Россия и ислам. Том 1 - Марк Батунский 18 стр.


С другой стороны, все та же прагматизация неминуемо требовала перестройки когнитивных и аффективных реакций под знаком расширения эмпатического потенциала118 (включая в таковое и альтруистические мотивы – при всей их крайней изменчивости) русской культуры и, следовательно, ее определенной релятивизации и толерантизации. Они же были в высшей степени необходимы для формулирования новой для России системы международных отношений. Эта система включала теперь и восточные государства (независимо от того, что в сравнении друг с другом они были разномощны)119 – и в ней России надлежало ориентироваться уже и на их ролевые предписания, ожидания и оценки.

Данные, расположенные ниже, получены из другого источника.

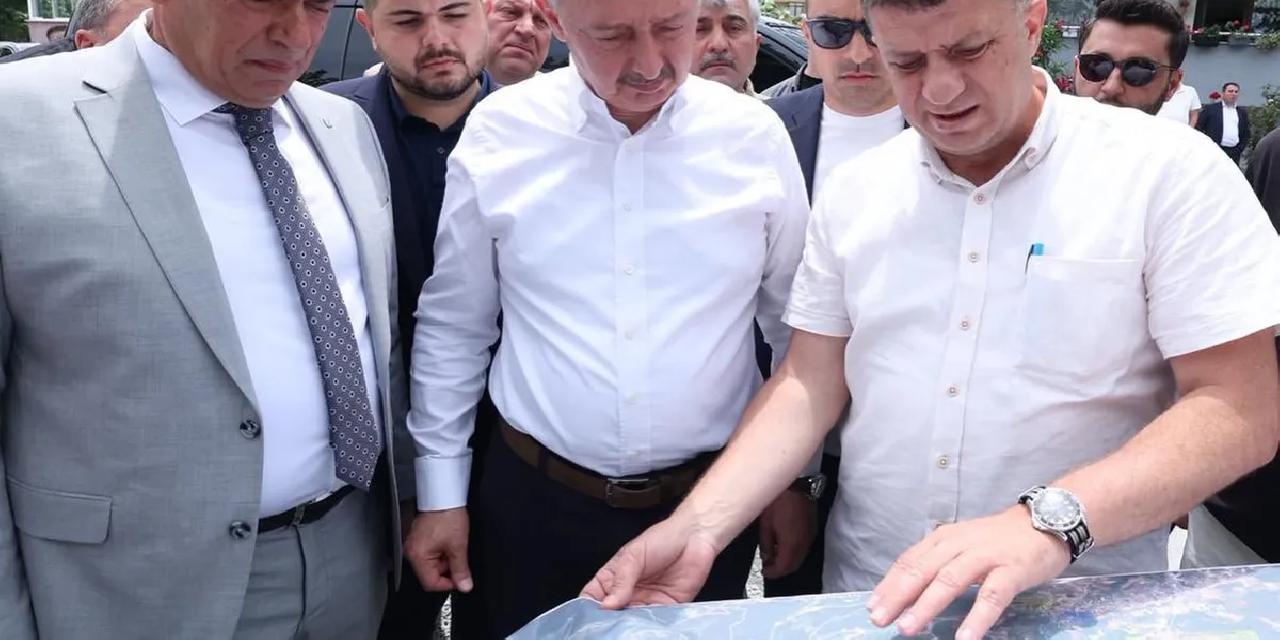 Kocaeli’nin altyapısı bir uçtan diğer uca yenileniyor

Становившееся более «диалогичным» средневеково-русское сознание120 нуждалось в таких и общих и специализированных текстах, в которых бы семантическое ядро знака «ислам» в индивидуальном авторском осмыслении оставалось постоянным, но тем не менее менялся бы мир смыслов, во взаимоотношения с которыми вступает знак и под влиянием которых он дополняется новыми семантическими элементами. Они же должны были не только способствовать расколу русской автократией121 реально и потенциально враждебного России мусульманства на разрозненные фрагменты со все более деформируемым содержанием, но и одновременно менять «симфонию» – т. е. установленное на Руси византийским христианством «гармоническое взаимодействие между государством и церковью122 как двумя инструментами «теократии»123 – в пользу государства (которое при Петре I и его преемниках действительно стало «цезаропапизмом»124). Однако в описываемое время церковь была могущественна125 не только в социально-политическом и юридическом126, но и в интеллектуальном127 плане, претендуя если не на монополию128, то, уж во всяком случае, на видную роль касательно того, что входит в зону концептуальной и символической интеграции, в свою очередь ведшейся под знаком максимальной христианизации как собственно русского социума (в борьбе прежде всего с языческими реликтами в его среде129), так и покоренных им этносов (в частности, в Пермской земле130 и в Поволжье131). Особое значение придавалось «крещению татарской знати132, переходившей на службу к русским князьям»133.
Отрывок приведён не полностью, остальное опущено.